The International Emmy Award for Best Arts Programming is presented by the International Academy of Television Arts & Sciences (IATAS) to the best arts programs produced and initially aired outside the United States.

==Rules and Regulations==
According to the rules of the International Academy, arts programming is defined as a program dedicated to an art form or artist(s) (e.g., performance, art documentary, art series, or a combination thereof).

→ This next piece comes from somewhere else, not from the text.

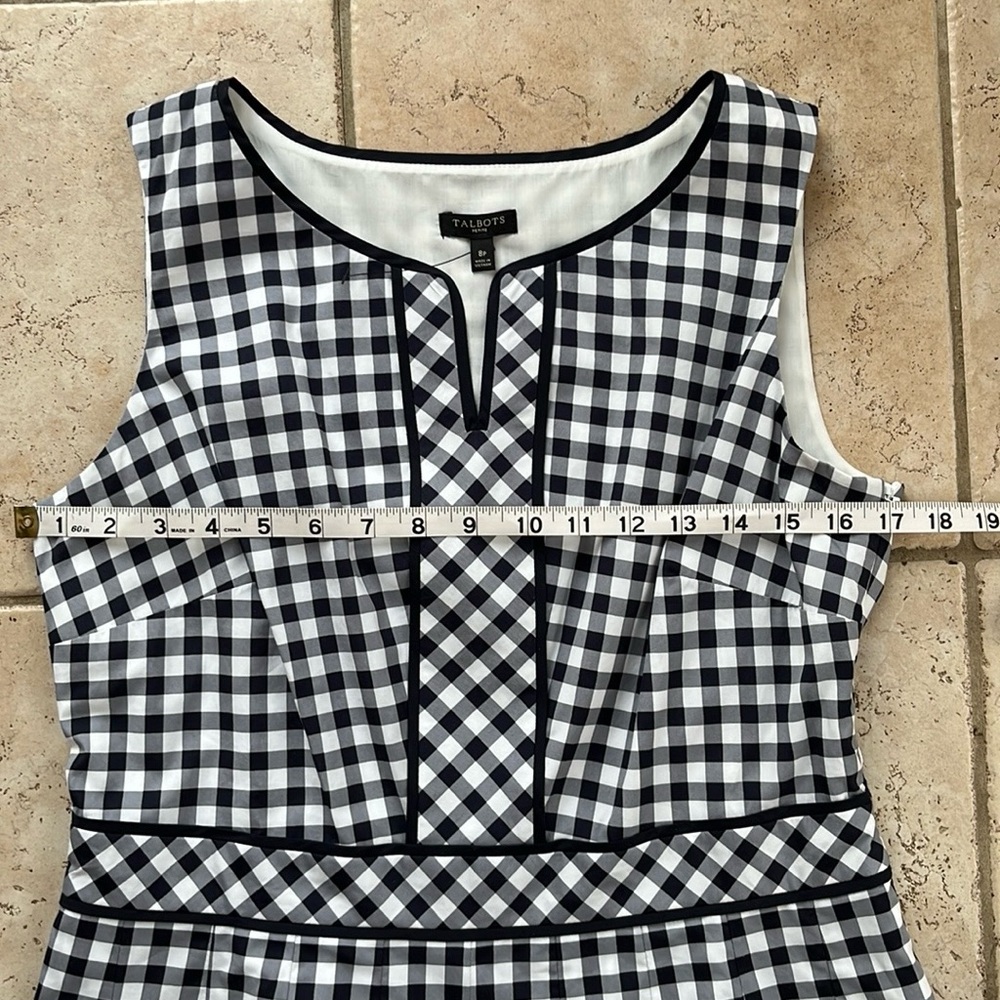 NWOT Talbots Blue & White Gingham Check Sleeveless Pleated Dress Size 8P - Picture 11 of 15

If the program is part of a continuous series of self-contained episodes (i.e., each episode has its own storyline and conclusion; or each episode may have a different director and/or producer; or the series has the potential to continue for multiple seasons), then each episode must be submitted as a separate entry.

If the program is a multi-part series with a finite number of episodes (with no further episodes planned), covering the same theme, two (2) episodes must be submitted to represent the series as a whole.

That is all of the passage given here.